Daf Yoni: The lingering trauma of antisemitism

Put yourself in Sam Brody’s shoes for a minute.

You’re out walking your dog along a main thoroughfare in Toronto, a city that houses nearly 200,000 Jews of all stripes. It’s your usual morning routine, except today you see someone —someone big and tall—coming toward you. A second later, you’ve been shoved into a fence and knocked to the ground while your attacker, who has clearly noticed you are wearing a kippah on your head, yells, “F–k you, you Jew! You will never take Israel. Free Palestine!”

Or say you are a Jewish student at the University of British Columbia in Vancouver. You move into residence there, so you install a mezuzah on the door outside your seventh-floor unit. One day, someone knocks it to the ground. You put the mezuzah back up. It is vandalized a second time.

What would you do? How would you respond?

For sure, you’d call the police and organizations involved in documenting and fighting antisemitic hate crimes. You might take to social media, as Sam Brody did, to tell your story and raise awareness. Lots of people would show their support for you with crying emojis and a flurry of retweets. Jewish organizations would issue press releases. All of that support might help you understand that you are not to blame.

But after all that—after the media circus died down and a hundred other antisemitic events overtook the one you experienced—how would you move forward?

That’s when it gets really hard.

As Sam Brody told The CJN this week about his experience, “It shakes your idea of what it means to live in this city… I just don’t feel safe going into a large group. I don’t know who is going to do something to me or say something to me. I’m much more cautious leaving my house.

“Physically, I’m doing okay but mentally, it’s been a struggle. The idea of having to look over my shoulder now when I go out of my house is not a good thing or fun for anyone.”

Indeed. Now when he goes out, Brody wears a baseball cap over his kippah. And he tucks his Magen David necklace into his shirt. “I’m a very proud Jew,” he says, “I’m not going to be any less Jewish, but it does make me think a lot more about my own security and moving about.”

Meanwhile, a Jewish student in B.C. is forced to consider whether it’s worth putting up a mezuzah for a third time.

Antisemitism in the 2020s is compelling Jews, especially young ones, to hide their personal expressions of Jewishness, to wonder whether it’s really worth it—for their own safety and security. It is a question no Jew should ever have to consider in this country (or at least outside Quebec, where wearing a kippah is already verboten in many cases). And yet, here we are. Imagine facing that dilemma yourself.
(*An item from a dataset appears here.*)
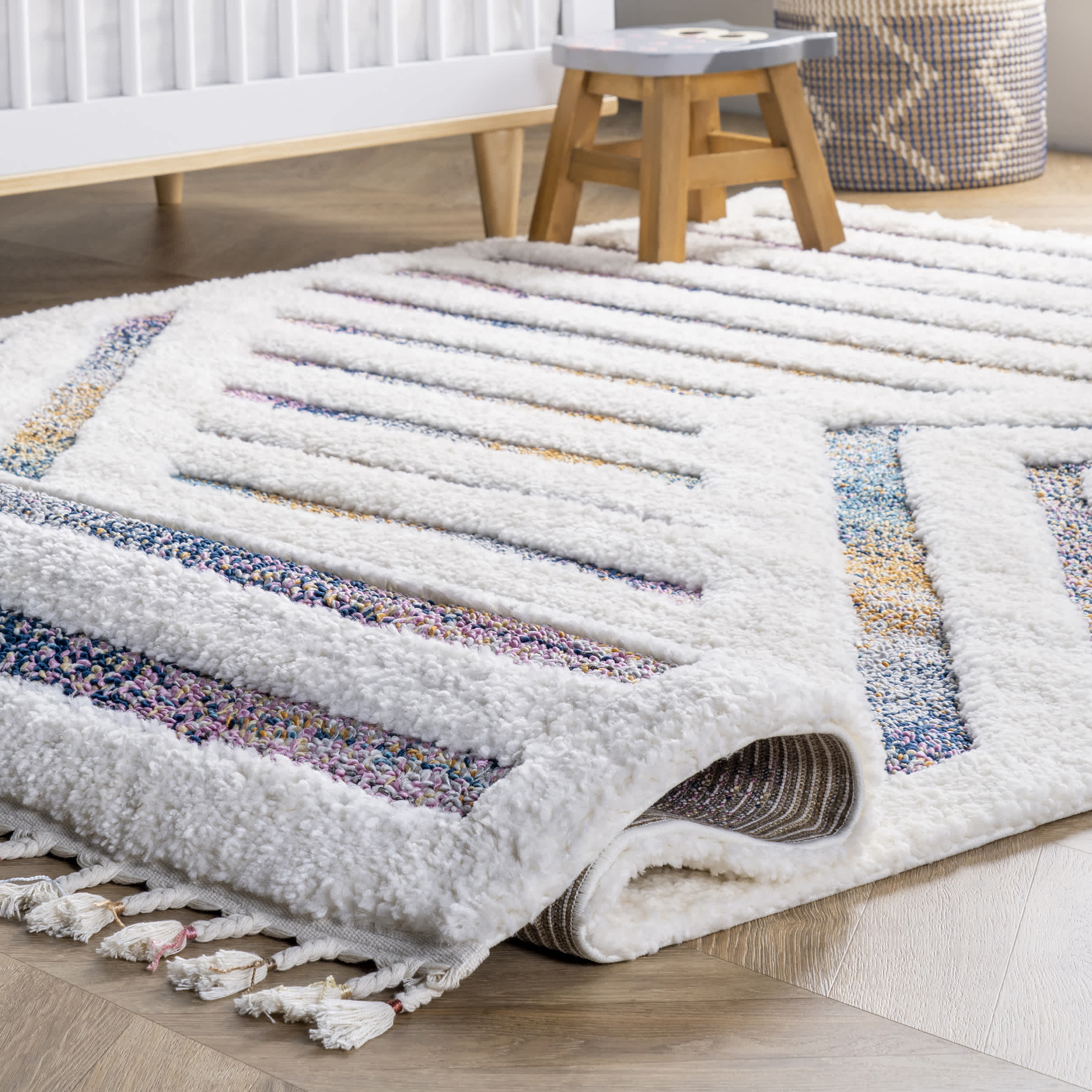 Bristol High-Low Geometric Ripples Tassel Area Rug - Image 4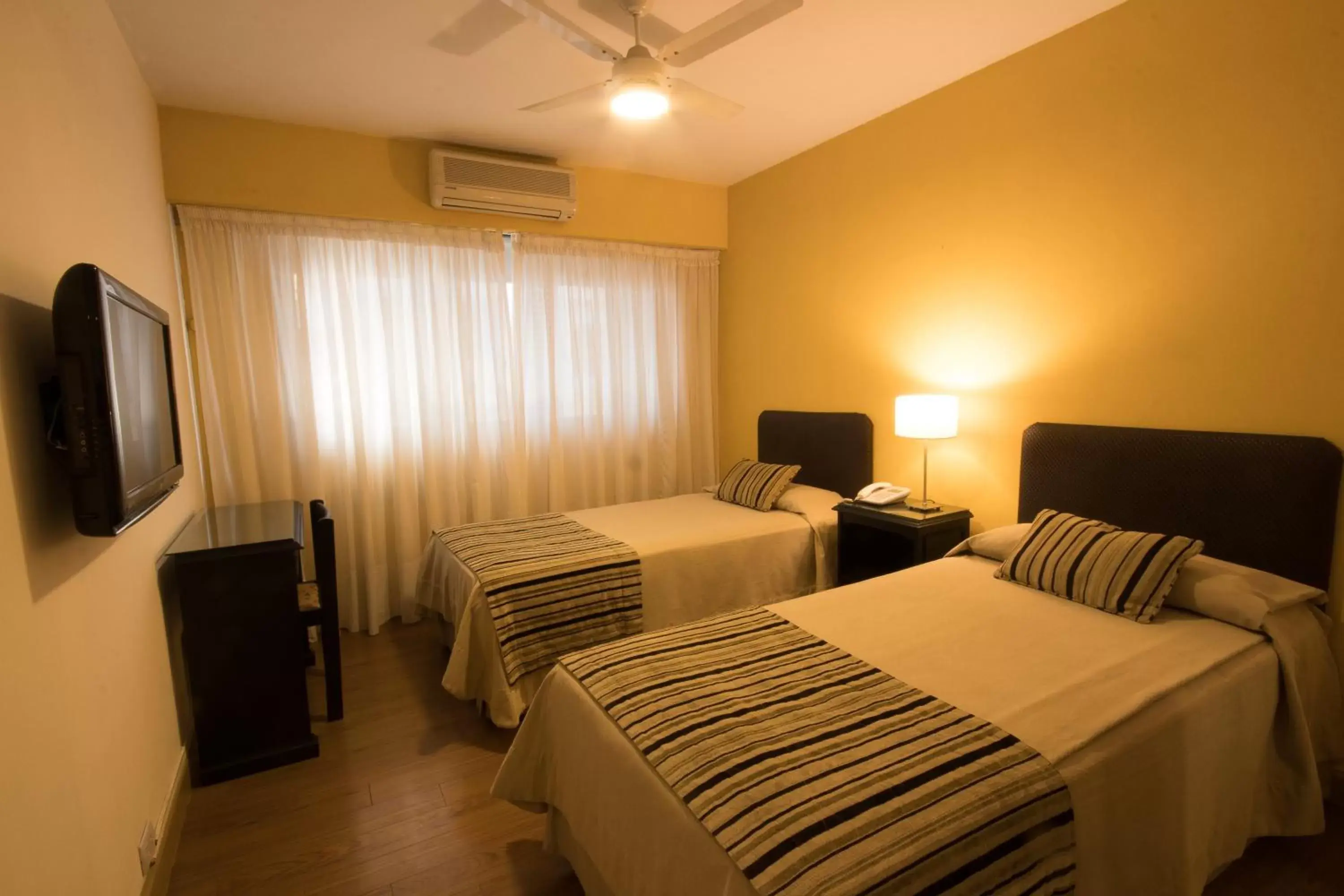 Photo of the whole room, Bed in Gran Hotel Buenos Aires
The Brody and UBC incidents happened days apart and less than two weeks after the federal government of Canada held its first national summit on antisemitism, where Prime Minister Justin Trudeau told a who’s-who of Jewish leaders and Liberal politicians (the leaders of other federal parties, including the only Jewish leader, were not invited—that was an error in judgment) that antisemitism “isn’t a problem for the Jewish community to solve alone—it’s everyone’s challenge to take on.” Less than a day after the summit concluded, Ottawa released a list of “initial actions” to fight antisemitism.

Sounds great, and surely Canadian Jewry can use all the help it can get. But while the summit emphasized the national and communal aspects of antisemitism in Canada, it generally failed to recognize the personal damage of antisemitism, the lingering trauma, the impulse to hide.

Perhaps that’s too much to expect from a seven-hour virtual summit (organized by any government, for that matter), but I suspect that if Sam Brody gets a chance to tell his story at the second national summit on antisemitism, it would put a real face to something people tend to regard as a theoretical construct.